3. Whole system gain (WSG)

Figure 2

Figure 2. Topological lasing in a $25 \times 25$ HH lattice with a flux $\vartheta = 1/4$ per plaquette. Left panel: total intensity $I_T=\sum_{m,n} |a_{m,n}|^2$ normalized to the number of amplifying sites vs. gain strength for different configurations: single resonator (SR), whole system gain (WSG) and whole edge gain (WEG). Right panel: snapshot of the typical intensity distribution at an arbitrarily chosen time $t=1000\gamma^{-1}$ in a WSG configuration. If not differently specified, we have taken $\beta=1$.

We start our discussion by reviewing the case of a spatially uniform $P_{m,n}=P$ gain. Fig. 2(a) shows how the lasing threshold remains very close to the single-resonator (SR) value $P_0\doteqdot \gamma$ analytically extracted from (2), the slope efficiency $dI_T/dP$ is only slightly lower than the single-resonator value, and the laser emission is spread throughout the whole system. However, due to complex mode-competition effects, the intensity distribution is very inhomogeneous in space [Fig. 2(b)] and no monochromatically oscillating steady state is ever reached. This strong spatio-temporal modulation persists indefinitely (see Supplemental Video 1) and is due to the simultaneous lasing into many modes that interfere and interact with each other via the intrinsic nonlinearity of the model. Such chaotic behaviours are very common in laser arrays unless some specific stabilization scheme is introduced [32, 4042]. As one can see in the Supplemental Video 1, while the chaotic dynamics of the bulk does not appear to display any specific signature of the non-trivial topology, the intensity distribution on the edge keeps circulating around the system.

4. Whole edge gain (WEG)

Figure 3

Figure 3. Topological lasing in a $25 \times 25$ HH lattice with $\vartheta = 1/4$ in a one-site-thick WEG configuration. Panel (a): snapshot of the steady-state intensity distribution. The green rectangle indicates the amplifying sites. Panel (b): cuts of the intensity distribution along the $x=1$ line at times (from top to bottom) $\gamma t=43.85, 51.65, 59.45, 67.20, 75.00$. Panel (c): normalized realization-averaged power spectral density (PSD). The dashed lines indicate the center of mass of the distribution. For comparison, the orange arrows indicate the lasing frequency for a $1\times 15$ PEG. The gray shading indicates the density of states of the bands in Fig. 1(a).

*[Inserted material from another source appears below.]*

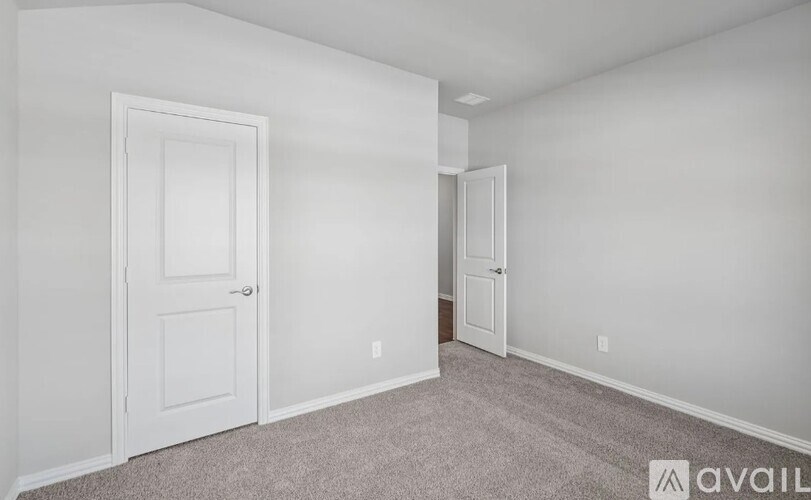 A room with a carpeted floor and two doors.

A natural strategy to favor laser emission in the topological edge states is to restrict the gain to the sites on the geometrical border of the system, as experimentally implemented in [31].4 Fig. 3(a) recovers the predictions of earlier theoretical work [33] and displays a stable monochromatic single mode oscillation in a topological edge mode of the system.5 The slope efficiency (i.e. the slope of the blue curve in Fig. 2(a) right above the threshold) is very close to the single-site one and the slightly increased threshold $\tilde{P}_0\gtrsim P_0$ is due to the weak but finite penetration of the edge mode into the non-amplifying bulk sites. Given the broadband gain used in the calculations, the oscillation frequency occurs with the same probability in either gap of the band structure [Fig. 3(c)]: as expected from the band structure shown in Fig. 1, the lasing mode will have opposite chirality depending on which edge mode is selected.

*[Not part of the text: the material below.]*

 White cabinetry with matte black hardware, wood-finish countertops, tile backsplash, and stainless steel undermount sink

4.1. Consequences of the chirality of the lasing mode

This general picture of topological lasing [32, 33] is the starting point to investigate the subtle physical consequences of the chirality of the lasing modes that are the core subject of this article.

As a first result, Fig. 3(c) shows that the lasing frequency is randomly chosen among a number of available modes located around the gap centers. Since the penetration of the edge mode in the bulk is minimum at the center of the energy gap, lasing will preferentially occur in this frequency region that maximises the overlap with the amplifying sites and thus the effective gain. As it happens in ring lasers, edge modes are discretized according to a round-trip quantization condition around the perimeter of the system. This gives a frequency spacing $\Delta\omega\simeq 2\pi\,v_g/L$ where $v_g$ is the edge mode group velocity and $L$ is the perimeter. The approximately equal spacing of the modes is due to the weak curvature of the edge mode band that is visible in Fig. 1. Even though the mode spacing can be very small in large lattices, once a lasing mode has been selected, the single-mode emission remains stable for indefinite times in the absence of noise. The overall width of the distribution is determined by the $k$-dependent spatial overlap of edge modes with the gain region, which introduces an effective frequency dependence of the gain.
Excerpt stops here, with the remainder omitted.